Jordan felt the warm press of millions of souls caressing his own as they passed through him. He realized now, as he never had when he was alive, how not alone he had always been. What a comfort it might have been to know that, he thought as he reached out to receive them.
As Jordan was absorbed into the massive vortex of spiralling black light, he looked down one last time.
Below him, in the road, Richard Weal had stepped out of the bus with his hockey bag full of bloodstained picks and hammers and saws. He withdrew a bottle wrapped in a dirty towel. Stuffed into the bottle’s opening and held in place by the stopper was a wick made of cloth. Weal took a lighter out of his jacket pocket and lit the wick. The flame glowed brilliant blue. He hurled the bottle through the door of the bus. It shattered on impact, igniting a fireball that engulfed the interior of the bus in a matter of seconds. Even before the gas tank blew, Jordan knew his body was burning, and that when the authorities found the scorched out hulk hours later, there would be nothing left of him to identify.

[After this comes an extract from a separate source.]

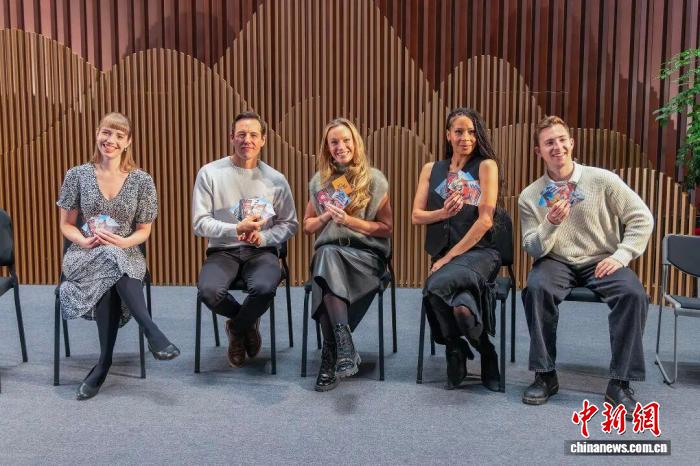 《雨中曲》再登北京舞台 伦敦西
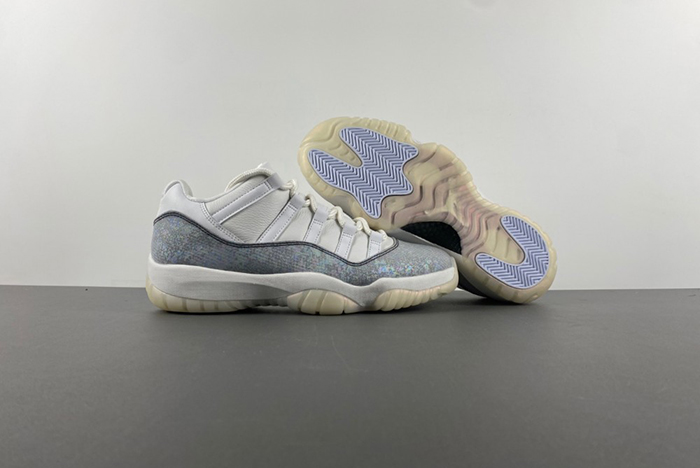 Air Jordan 11 Low 2025 HQ7000-001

Riding Weal’s shoulders, the great black shape that only the dead could see pressed close to him, whispering to him, rippling and undulating with malignant purpose as Weal picked up his hockey bag and began to walk.
Jordan knew—as he knew everything now, including the terrible end of Weal’s story—that there would be unlocked houses along the route to Parr’s Landing. There would be trusting people. There would be cars driving north with passengers who felt sympathy for a lone man hitchhiking home to a northern mining town to be with his sick daughter or his dying wife. Weal’s bag of hammers and knives and picks would do the rest. All the while, the great black shape folded its wings around Weal and urged him forward.
And then, the part of Jordan Lefebvre that was still tethered to his experience of dying flickered out entirely, his essence becoming one with the souls around him, passing completely from the world of the living into the gloomy country of the dead.